Part 8: The Cone of Semantic Future: Causal Prediction, Entanglement, and Mixed States in Graph Spacetime

Having developed some of the basic code patterns, and introduced the four spacetime relations, let’s explain how these four semantic interpretations can be used in practice — to understand and predict dynamical processes across multiple scales. I’ll use a couple of more realistic examples that show how these real-world processes form graphs: i) with some Natural Language Processing based on fragmentation of a stream of input, analogous to bioinformatics and ii) multi-path flow processes with alternative routes, such as we find in routing, supply chains, and quantum experiments. We’ll see how the coding of a data representation in applications can now be extremely simple, and how the four spacetime relations allow us to see and explore beyond constrained typological relationships, to reveal emergent discoveries about the data.

Graphs are active not passive structures

In part 7, I showed how to capture and generate spacetime process graphs, merging parallel timelines where necessary. At the data capture stage, we may be entirely unaware of the existence of a graph representation— only later, during analysis, would the graph be revealed as a network. Identifying a working representation early will be an advantage, but we mustn’t over-constrain a representation and kill off the benefits of a network in the process. Graphs naturally want to remain active processes, not become passive or dead archival data structures. In a sense, the construction and the interaction by search are continuations of the same larger cognitive process. The semantic spacetime co-activation method generates this for us without prejudice.

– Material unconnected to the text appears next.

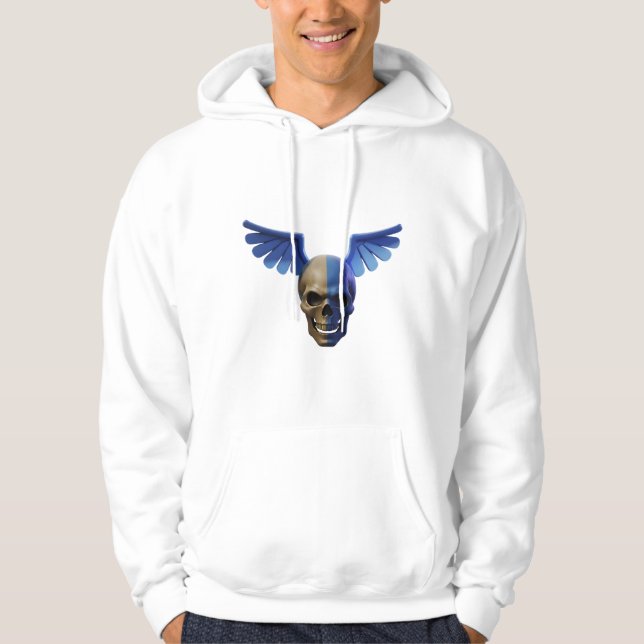 Two-Toned Skull with Blue Stylized Wings Hoodie (Vorderseite)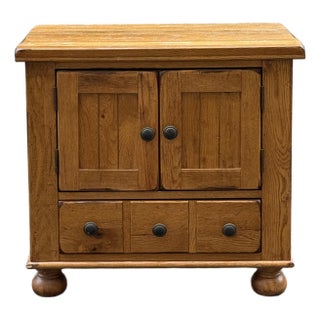 Broyhill “Attic Heirloom” Rustic Oak Nightstand For Sale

In this post, we’ll look at how to create and search active graphs and explain the meaning of their large scale structures as they grow. It turns out that searching graphs is the more interesting problem, because it exposes an apparent conflict between the desire for a single-threaded storytelling about data, and the multiplicity of causal chains in the larger spacetime that might ultimately contribute to an outcome. This is the “pipeline” problem. Unlike typological approaches (e.g. OWL, RDF, etc) that aim for uniqueness and rigidity of reasoning, a spacetime approach works with general superpositions of concerns that emerge unpredictably from complexity at scale.

There are two main themes to address in this post:

  • Causal path relationships as processes (timelike trajectories), which may include loops. These are naturally represented by graphs.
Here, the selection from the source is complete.